Primero se abandonó el marxismo, sin
ofrecer una explicación coherente que
motivara la decisión. Se prohibió levantar el puño como símbolo de protesta. Se
fue olvidando la letra de La Internacional, que tradicionalmente se cantaba al
final de cada acto y el Yunque y la Pluma se transformaron en un puño y una
rosa, quizá porque su simbología no podía ser bien vista por la pujante clase
media que estaba naciendo en nuestro país y que representaban una jugosa
cantidad de votos, absolutamente necesarios para alcanzar un poder, por el que
algunos habían estado batallando demasiado tiempo.
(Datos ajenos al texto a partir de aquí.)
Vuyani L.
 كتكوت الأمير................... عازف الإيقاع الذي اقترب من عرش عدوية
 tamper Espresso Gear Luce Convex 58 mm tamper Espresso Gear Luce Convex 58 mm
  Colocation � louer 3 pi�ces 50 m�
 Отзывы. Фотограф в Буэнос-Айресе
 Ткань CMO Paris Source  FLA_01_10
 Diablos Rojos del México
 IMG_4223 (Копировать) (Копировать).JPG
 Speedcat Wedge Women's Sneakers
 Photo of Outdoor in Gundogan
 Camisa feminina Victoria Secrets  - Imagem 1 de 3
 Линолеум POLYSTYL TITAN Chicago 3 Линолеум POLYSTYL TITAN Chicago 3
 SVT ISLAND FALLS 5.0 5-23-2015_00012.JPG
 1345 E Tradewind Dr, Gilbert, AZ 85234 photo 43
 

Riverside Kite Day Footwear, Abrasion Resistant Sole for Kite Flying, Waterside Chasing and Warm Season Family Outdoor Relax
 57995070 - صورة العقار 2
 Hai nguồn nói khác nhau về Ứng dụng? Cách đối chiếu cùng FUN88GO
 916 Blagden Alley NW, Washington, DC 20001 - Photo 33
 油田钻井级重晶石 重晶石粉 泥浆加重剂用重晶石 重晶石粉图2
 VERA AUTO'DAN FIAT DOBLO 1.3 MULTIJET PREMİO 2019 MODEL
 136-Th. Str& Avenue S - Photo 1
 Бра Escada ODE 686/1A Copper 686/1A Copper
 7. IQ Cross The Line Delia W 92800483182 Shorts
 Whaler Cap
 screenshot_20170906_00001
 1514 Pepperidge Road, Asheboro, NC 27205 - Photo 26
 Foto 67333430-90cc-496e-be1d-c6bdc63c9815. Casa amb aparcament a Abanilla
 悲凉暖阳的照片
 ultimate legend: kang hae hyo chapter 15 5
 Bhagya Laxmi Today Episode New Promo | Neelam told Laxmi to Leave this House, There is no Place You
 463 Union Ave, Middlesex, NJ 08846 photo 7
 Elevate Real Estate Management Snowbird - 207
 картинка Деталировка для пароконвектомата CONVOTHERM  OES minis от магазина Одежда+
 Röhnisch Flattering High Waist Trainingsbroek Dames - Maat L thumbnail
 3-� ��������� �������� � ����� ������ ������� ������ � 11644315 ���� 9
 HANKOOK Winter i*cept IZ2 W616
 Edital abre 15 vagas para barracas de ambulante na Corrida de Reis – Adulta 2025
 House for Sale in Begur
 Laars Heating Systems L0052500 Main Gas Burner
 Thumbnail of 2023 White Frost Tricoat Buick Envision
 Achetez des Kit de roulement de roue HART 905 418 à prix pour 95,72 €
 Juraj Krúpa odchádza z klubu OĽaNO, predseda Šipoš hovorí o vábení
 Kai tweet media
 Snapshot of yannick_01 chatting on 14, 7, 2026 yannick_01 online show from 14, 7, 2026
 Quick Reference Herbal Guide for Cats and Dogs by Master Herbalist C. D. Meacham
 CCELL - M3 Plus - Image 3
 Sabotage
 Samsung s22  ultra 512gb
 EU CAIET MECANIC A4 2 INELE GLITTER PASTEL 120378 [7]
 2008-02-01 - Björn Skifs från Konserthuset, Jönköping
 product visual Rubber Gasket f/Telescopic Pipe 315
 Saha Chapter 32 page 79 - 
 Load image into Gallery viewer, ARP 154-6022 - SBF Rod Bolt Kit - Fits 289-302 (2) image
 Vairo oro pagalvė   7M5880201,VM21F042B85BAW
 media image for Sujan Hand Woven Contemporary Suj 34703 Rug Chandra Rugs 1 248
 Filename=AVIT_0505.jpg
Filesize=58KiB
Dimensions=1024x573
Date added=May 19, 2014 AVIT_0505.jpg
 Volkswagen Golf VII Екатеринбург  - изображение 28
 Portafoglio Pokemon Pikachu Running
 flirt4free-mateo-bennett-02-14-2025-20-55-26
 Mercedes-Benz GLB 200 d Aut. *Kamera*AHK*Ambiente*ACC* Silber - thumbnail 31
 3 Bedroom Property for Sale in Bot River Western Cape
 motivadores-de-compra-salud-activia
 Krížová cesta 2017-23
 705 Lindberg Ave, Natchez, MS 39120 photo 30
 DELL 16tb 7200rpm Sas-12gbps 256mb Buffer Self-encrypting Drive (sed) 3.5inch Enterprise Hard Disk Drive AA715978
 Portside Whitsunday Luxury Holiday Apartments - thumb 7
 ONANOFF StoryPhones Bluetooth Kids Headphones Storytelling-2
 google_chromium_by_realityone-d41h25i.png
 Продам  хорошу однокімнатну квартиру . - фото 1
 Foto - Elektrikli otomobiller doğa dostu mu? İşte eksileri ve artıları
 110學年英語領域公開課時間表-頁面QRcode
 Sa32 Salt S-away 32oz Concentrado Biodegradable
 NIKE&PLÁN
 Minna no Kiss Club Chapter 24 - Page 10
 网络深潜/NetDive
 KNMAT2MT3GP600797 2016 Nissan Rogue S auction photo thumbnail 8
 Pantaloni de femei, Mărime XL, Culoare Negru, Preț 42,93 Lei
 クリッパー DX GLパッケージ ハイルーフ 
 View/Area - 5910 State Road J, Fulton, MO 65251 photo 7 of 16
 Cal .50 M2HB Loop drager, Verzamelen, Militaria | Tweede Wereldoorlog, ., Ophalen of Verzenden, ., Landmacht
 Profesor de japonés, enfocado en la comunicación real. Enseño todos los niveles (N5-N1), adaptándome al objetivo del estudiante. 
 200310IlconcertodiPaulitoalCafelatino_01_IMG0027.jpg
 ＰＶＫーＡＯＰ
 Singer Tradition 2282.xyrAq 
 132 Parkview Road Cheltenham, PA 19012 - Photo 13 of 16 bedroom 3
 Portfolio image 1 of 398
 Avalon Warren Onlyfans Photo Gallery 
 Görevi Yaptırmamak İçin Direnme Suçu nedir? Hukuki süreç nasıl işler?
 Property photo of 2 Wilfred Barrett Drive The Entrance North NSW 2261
Al olor de ese poder, precisamente,
empezaron a surgir una ingente cantidad de”socialistas” de nuevo cuño, que sin
haber creído jamás en lo que promulgaba el auténtico catecismo de Iglesias,
vieron llegada la oportunidad de subir al carro de las labores de gobierno y
que se instalaron como dirigentes, de manera perpetua, en cargos de
responsabilidad que les trajeron, en casi todos los casos, una forma de
enriquecimiento personal, de la que todavía hoy disfrutan.
Ellos se encargaron de construir
minuciosamente la imagen del Partido que hoy tenemos y que desde hace demasiado
tiempo, ni es socialista, ni es obrero, ya que las bases que lo forman no
participan en modo alguno en las decisiones de importancia que se toman en él,
ni se hace nada por defender los derechos de la clase trabajadora, cada vez más
vilipendiada por las leyes aprobadas por varios gobiernos, pero más esclavizada
aún, desde que Zapatero decidió capitanear una incomprensible injusticia social
exigida por Europa, en lugar de anteponer los principios de la doctrina de su
Partido, a su propia permanencia en el poder, con aquella frase de:
“Cueste lo que cueste y me cueste lo que
me cueste”.
Sin ser ya socialista ni obrero,
naturalmente, el PSOE ha perdido, quizá para siempre, toda posibilidad de
aglutinar el voto de la izquierda, pues al renunciar a los dos valores
fundamentales que debieran marcar su camino, ya no representan, para nadie, la
tabla de salvación a la que aferrase para solucionar sus problemas.
Endiosados en el estatus burgués en que
se han ido acomodando mientras que ha durado el bipartidismo, los actuales
líderes del PSOE son caricaturas sin ninguna credibilidad, intentando
protagonizar sin ningún convencimiento, una historia que ya no es la suya, pues
su clase dejó de ser la nuestra hace demasiado tiempo.
Y si no se produce con cierta
inmediatez una vuelta a los orígenes y no se lleva a cabo una revolución
interna, que aparte de un manotazo a quienes han demostrado ser incapaces de
liderar la lucha real de las clases obreras y de potenciar un auténtico
socialismo como sistema de gobierno, el PSOE continuará como está, muerto y sin
posibilidad de resurrección, enterrado en las cenizas que se han encargado de
aventar estos ricos de nuevo cuño que ahora lo lideran.